In 1983 it was the first championship in this region, that move away the "Halo of the mystery" from this region. Our team successfully took part in 1992 in technical class Championship, that follow new formula of maximum climbing breackless during 15 days long, but in spite nine years of this region development, some routes have been climbed only once before us and did not loose their charm.

Our base camp was situated in the level of 2800 meters high near to Aksu river stream, that from Kirgisian means "clean water", with the fascinated view over triangle rock face of Aksu group, which burning in gold during the sunset over the darkness of narrow gorge.

It is a good job if you make at least one good climbing, spending a few days, to say nothing about long term series of climbing, which we made up our mind to do after some "training" climbing of 5-6 degrees.
Easy and beautiful valleys and passes create in this region ideal conditions for trekking and even riding. Here we are coming with heavy sacks to Aksu face direction to east, coming up the valley through wild forest (1,5 hours) and then by the moraine of Aksu glacier to the place, where it makes right turn with a breathtaking view on the whole North face of Aksu. Further we make left turn and coming to foot slopes of North face Alexander Block massif (5229 m) with 1000 drops in a height, where there are a lot of serious technical routes comes up. During the time we are coming to our camp, we manage to watch all of them out. They are logically threaded up on the face one after another, as usual rising up by directissima, lying like on the palm.

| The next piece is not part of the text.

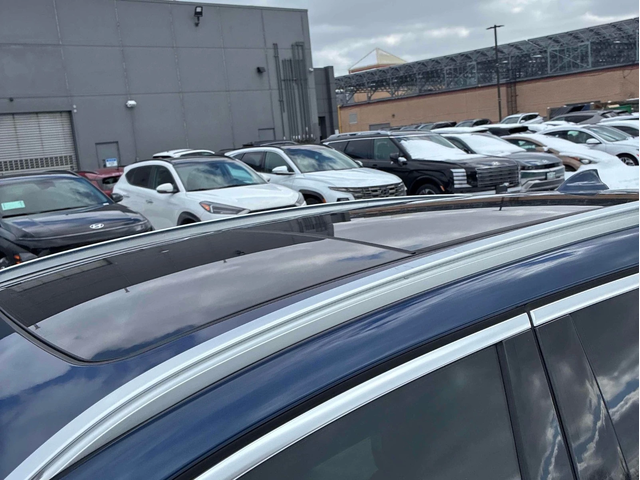 BMW X3 30I С РЕГИСТРАЦИЯ & АВТО КРЕДИТ - автомобили, коли, обяви за нови и употребявани 11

It is "golden" route along Central bastion begins from left side the gallery of routes of North face first climbed by Sergey Efimov in 1983, who became a peculiar "Maestro" of Russian mountaineering, who was the winner five times one after another in various Soviet Union mountaineering Championship. Unusual monolith block relief with gigantic inside corner in low part of the route, coming up with overhanging and then smooth rocks pouring with frozen ice. In upper part there are vertical couloir, series of cornices and vertical monolithic stones. All these features makes this combined 6A difficulty route very interesting for climbing, especially in the conditions of North face micro climate. The snow in the middle of the face is melting in the midday, pouring climbers with showers, and are frozen in the morning, covering the rocks with the icy crust.

Then little bit to the right there is the route of Vladimir Bashkirov along the "pillar" of North face with vertical part of 800 meters high -5B. Lower part of the route is bitten by the falling ice from the right side in the second part of daytime, that crash we hear even from the distance, so it obviously danger to spend a night here. A peculiar feature of this route is that it has high technical difficulties all face long with absence of any places where it is possible to get rest. The route begins from so called "finger", that forms giant inside corner, very strength for free climbing. The low part of "mirror" and also exit from so called "book" to left side are next problem parts, which are completely smooth without any crags. It is good idea to use pendulum to speed up horizontal traverse.

Then more to the right there is George Aygistov's route, that we have chosen for us to make its second climbing -5B.

Further to right there is Evgeny Klinetskiy' route coming up along directisima over the bastion, that has some advantages, such as stone fall dangerless, monolithic, logical relief with combination of various inside corners and chimneys, filled with snow and ice, with a lot of overhanging parts and only a few shelfs for good relaxation. It has peculiar low part of two steep icy belts with a huge cornice between them.

So we chose logical Aygistov's route, that begins from bergshrund along the steep ice slope to the direction of narrow ice gutter, where there is no way out from. We climbed along this gutter and then over cornice arriving to the middle part of giant rocky "banana", where overhanging stones were covered with thin ice. After we did rather difficult inside corner to get to "red face" and then finally to summit crest.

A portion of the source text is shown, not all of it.